Commentary

Taking Measure: Empowering Accountability

Is marketing abdicating its ownership of marketing accountability? It's starting to seem that way. At the recent Institute for International Research conference on return on marketing investment, virtually the only marketers in attendance were speakers. Nearly all the attendees were either vendors or people from research and finance organizations. Increasingly, I see functions other than marketing taking the lead on accountability.

Case in point: At a major consumer packaged goods company, the finance department led an effort to build an accountability program. The information technology department was a major contributor in defining the tools requirements. Research was involved in vetting analytic methodology and credibility criteria. But marketing was "too busy" to participate in any of the meetings.

This might be an extreme case, but not by much. Often, marketing departments are aware of accountability efforts, but offer only lukewarm support and little active participation. Finance and research privately comment on marketing's "passive aggressive" behavior, believing it doesn't really want to be accountable. Based on discussions with several chief marketing officers, I don't believe that's the case. Instead I think that marketing organizations are dealing with fundamental issues that make it difficult for them to lead accountability efforts.

Nearly every marketer I work with is struggling to manage basic program execution. As marketing plans begin shifting away from TV, they are becoming more splintered and complex. Programs are receiving more significant slices of the budget, but with little or no additional staff to plan and manage the execution. So strategies are being rushed out the door by junior marketers, while senior team members struggle to manage the exploding number of specialty agencies that are executing digital, buzz, sponsorship, wireless, branded content, experiential, and public relations-based programs. Marketers seem to regard any diversion of resources from these efforts as an intolerable risk.

Secondly, marketing organizations lack stability. The average tenure for a CMO is less than two years, and associate brand managers rotate assignments every 10 to 14 months. Rarely are people in place long enough to see programs go from conception to execution, so their rewards are based less on performance than on getting the programs to market. Finance and research departments are more stable, giving them a longer-term perspective on the business, organizational memory, and a better foundation for leadership in marketing accountability.

Finally, marketing organizations know they don't have the expertise to develop accountability programs. They lack economics and metrics experience, quantitative skills, process design skills, and technology competence, which they see residing in other departments. So how can marketing more fully participate in marketing accountability efforts?

>> Shift the focus from marketing accountability to marketing effectiveness. The real goal is to have marketing dollars more effectively drive improved business results, not to hold people accountable for failure. Marketing effectiveness speaks to better planning and management, not after-the-fact evaluation.

>> Make the CMO the effort's champion. Consistent endorsement of a marketing effectiveness effort helps create the organizational pressure needed to change behavior. The CMO is best positioned to carry the flag.

>> Create a multifunction center of competence. Include marketing, finance, research, and it as part of the team. Create a multidisciplinary team and name a research or finance person to lead the group.

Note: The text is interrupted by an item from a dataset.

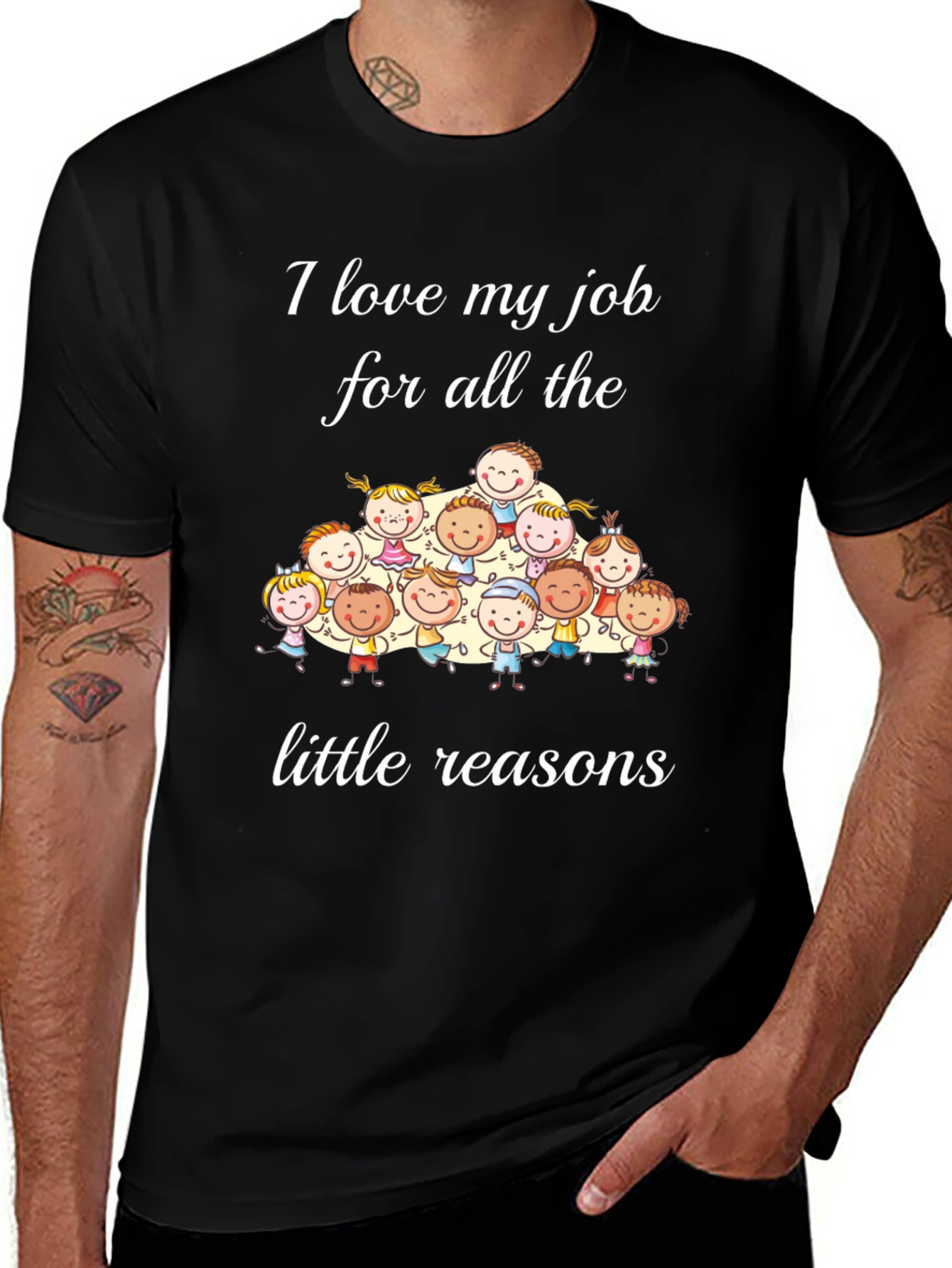 Variant 23 of I Love My Job T-Shirt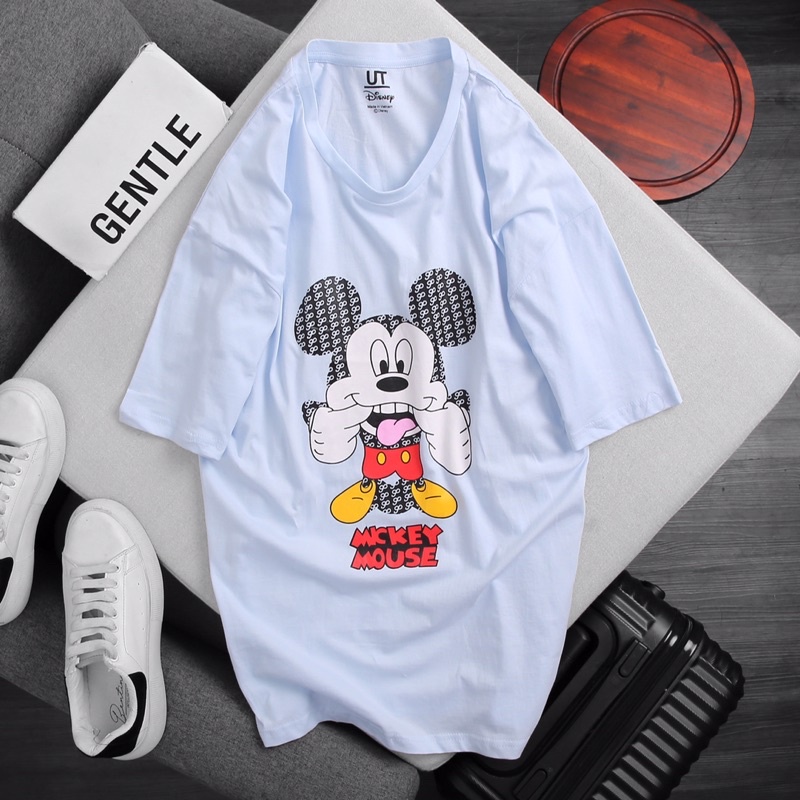 Áo Thun Hình Mickey Freesize - Vải Thun 100% Cotton - Hình In Rõ Nét - Mát, Co Giãn Tốt | BigBuy360 - bigbuy360.vn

>> Fund the center of competence. Set aside 0.5 to 1 percent of working dollars for marketing effectiveness efforts. If well executed, those dollars will have the highest ROI of any dollars spent in the company.

>> Incorporate new skills and processes into the organization. To embrace marketing effectiveness, marketers must make significant changes. They will need to hire differently, rotate assignments less frequently, and be more process-oriented.

Marketers today are in a tough spot. They can't be accountable on their own, and they know it. Marketers need to partner with other functions to make marketing more accountable and effective.